LISTED RECORDS

*** Begin section ***

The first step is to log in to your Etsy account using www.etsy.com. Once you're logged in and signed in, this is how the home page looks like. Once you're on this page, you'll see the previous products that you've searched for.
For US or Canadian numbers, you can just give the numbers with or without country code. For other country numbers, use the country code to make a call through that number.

*** End section ***
*** Begin section ***

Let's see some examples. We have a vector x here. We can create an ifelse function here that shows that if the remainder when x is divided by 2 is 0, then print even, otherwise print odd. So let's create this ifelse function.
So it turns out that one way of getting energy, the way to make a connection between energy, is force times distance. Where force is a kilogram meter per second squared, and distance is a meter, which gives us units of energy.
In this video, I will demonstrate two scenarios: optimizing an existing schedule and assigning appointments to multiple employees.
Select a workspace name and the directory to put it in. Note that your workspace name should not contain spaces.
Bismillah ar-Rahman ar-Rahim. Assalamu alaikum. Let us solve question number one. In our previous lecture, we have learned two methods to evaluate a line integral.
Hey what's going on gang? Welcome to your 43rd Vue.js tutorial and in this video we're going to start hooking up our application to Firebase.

*** End section ***
*** Begin section ***

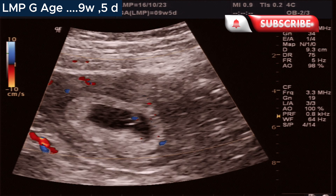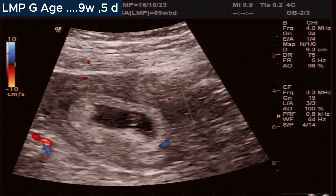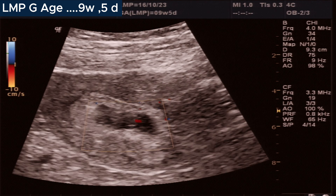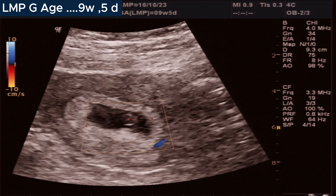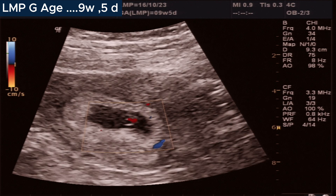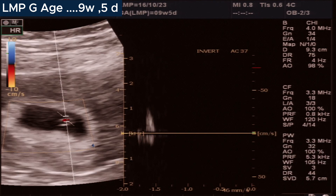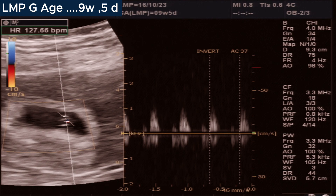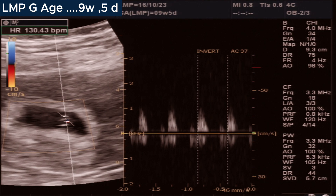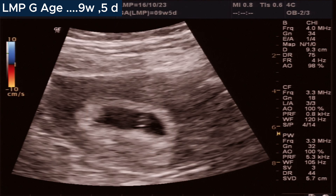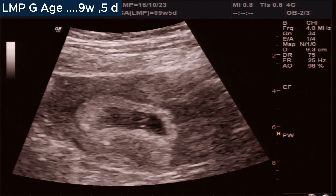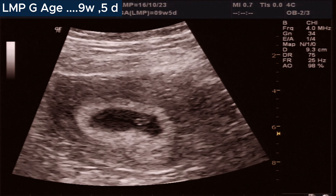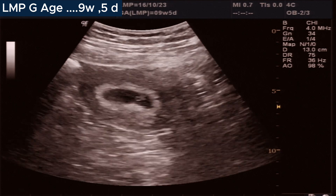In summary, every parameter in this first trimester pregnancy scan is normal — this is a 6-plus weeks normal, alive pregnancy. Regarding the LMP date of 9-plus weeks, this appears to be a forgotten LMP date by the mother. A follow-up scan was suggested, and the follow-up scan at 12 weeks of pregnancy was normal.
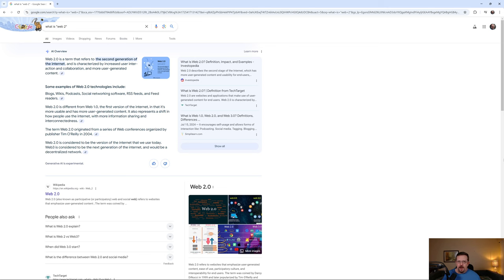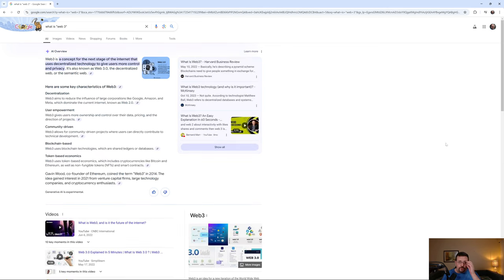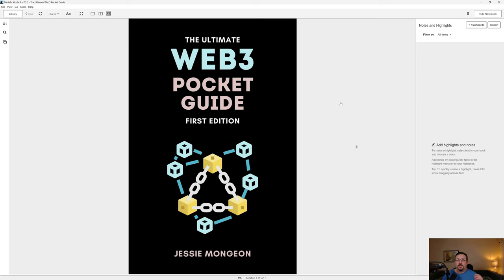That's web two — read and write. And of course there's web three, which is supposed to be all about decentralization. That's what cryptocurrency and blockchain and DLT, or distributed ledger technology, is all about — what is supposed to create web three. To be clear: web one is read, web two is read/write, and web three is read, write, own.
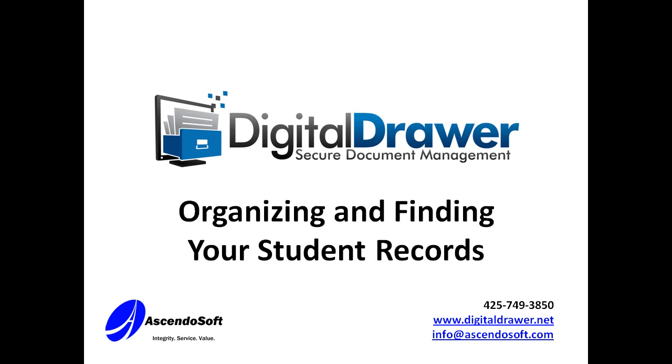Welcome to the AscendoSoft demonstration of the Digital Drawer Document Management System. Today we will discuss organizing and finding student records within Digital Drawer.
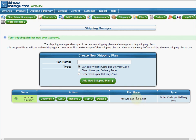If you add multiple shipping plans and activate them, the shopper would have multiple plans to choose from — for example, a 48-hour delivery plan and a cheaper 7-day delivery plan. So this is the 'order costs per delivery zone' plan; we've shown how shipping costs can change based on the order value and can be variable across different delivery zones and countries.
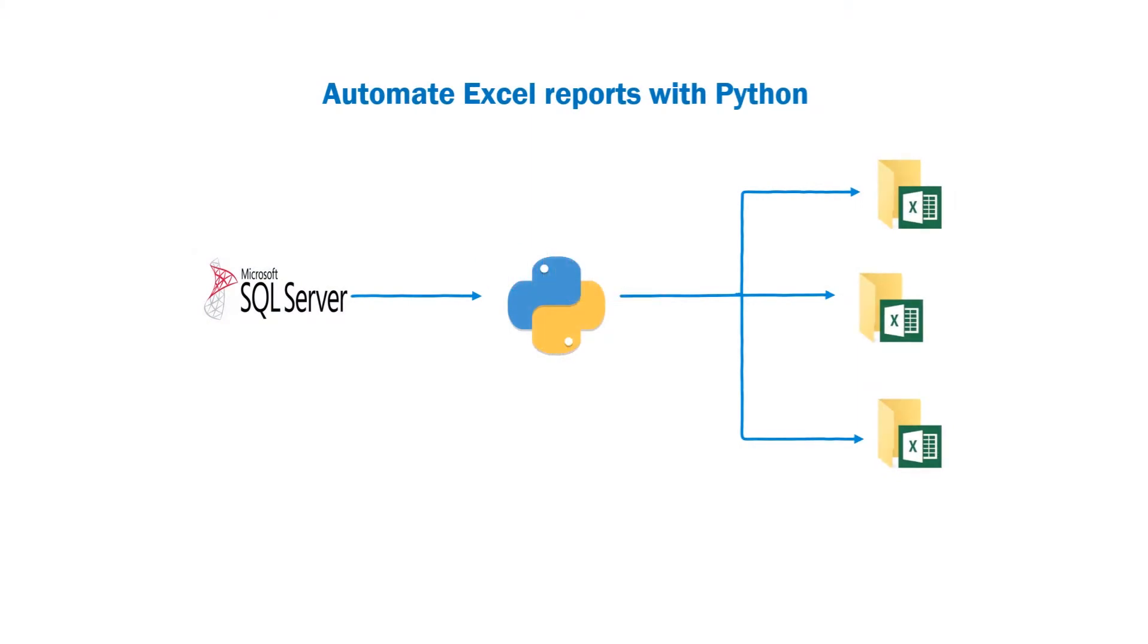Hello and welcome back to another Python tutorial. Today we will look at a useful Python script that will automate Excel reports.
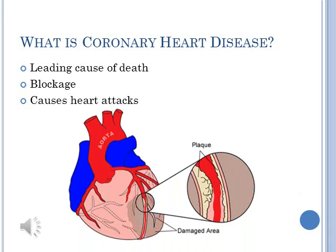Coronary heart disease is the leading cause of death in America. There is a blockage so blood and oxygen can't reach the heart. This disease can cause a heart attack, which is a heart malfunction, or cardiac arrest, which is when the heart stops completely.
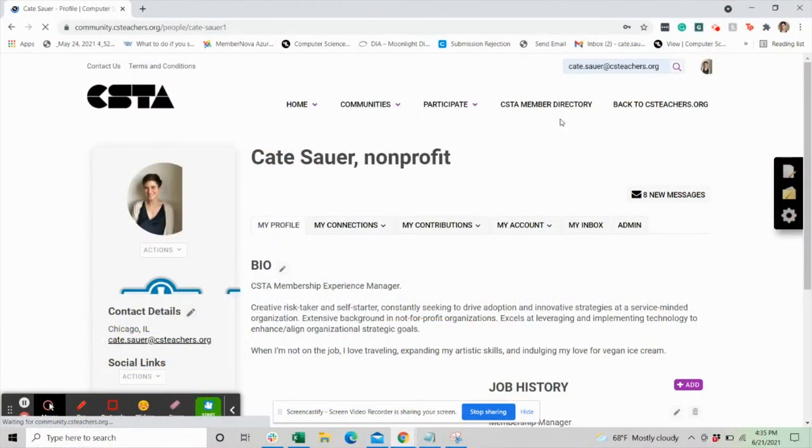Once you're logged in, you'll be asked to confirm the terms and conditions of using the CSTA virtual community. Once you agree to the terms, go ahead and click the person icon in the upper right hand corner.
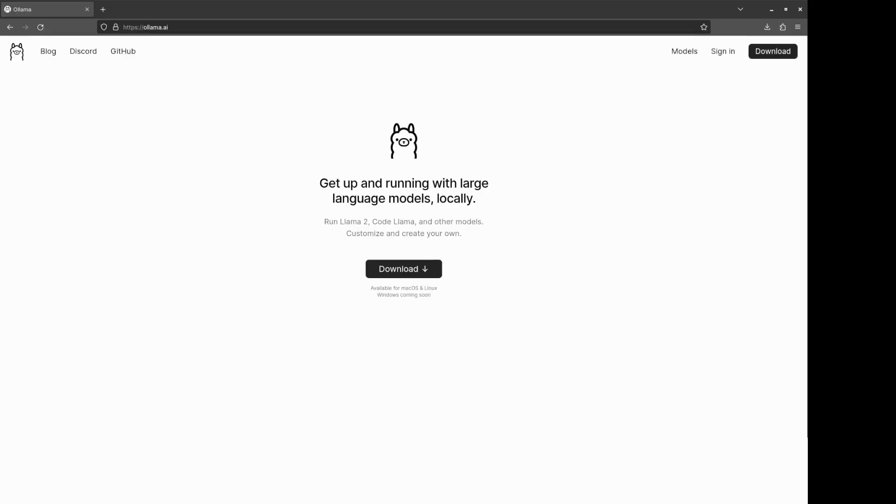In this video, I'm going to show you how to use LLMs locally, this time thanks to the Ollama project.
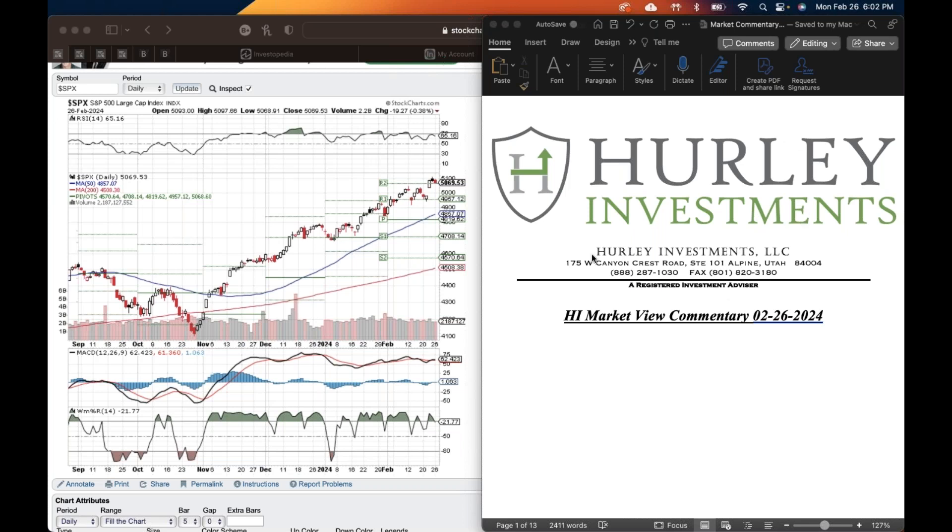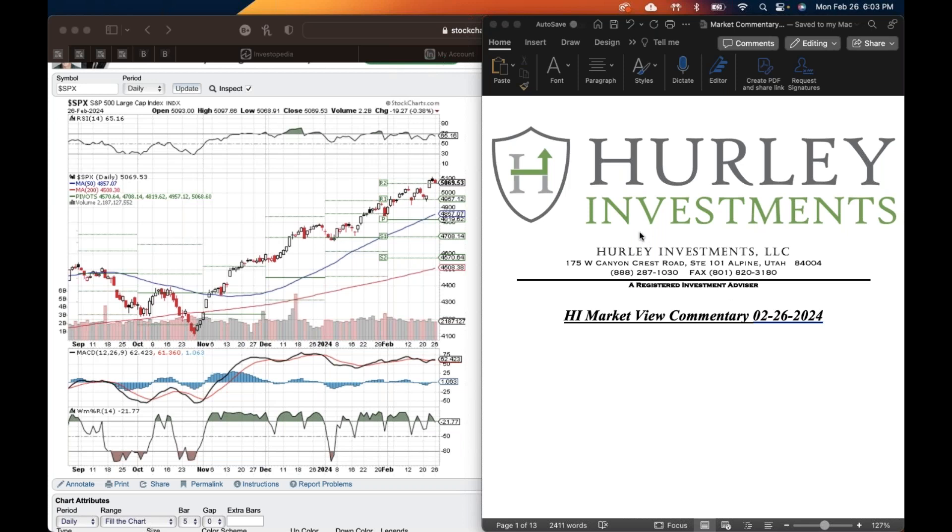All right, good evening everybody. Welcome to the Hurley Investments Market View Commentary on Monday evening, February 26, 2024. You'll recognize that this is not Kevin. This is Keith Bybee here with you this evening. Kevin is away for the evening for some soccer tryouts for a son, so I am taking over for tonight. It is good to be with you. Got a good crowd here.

*** End section ***

DIRECTIONS
Wherever the word "number" appears in the entries above, copy that whole line.

SOLUTION
For US or Canadian numbers, you can just give the numbers with or without country code. For other country numbers, use the country code to make a call through that number.
Bismillah ar-Rahman ar-Rahim. Assalamu alaikum. Let us solve question number one. In our previous lecture, we have learned two methods to evaluate a line integral.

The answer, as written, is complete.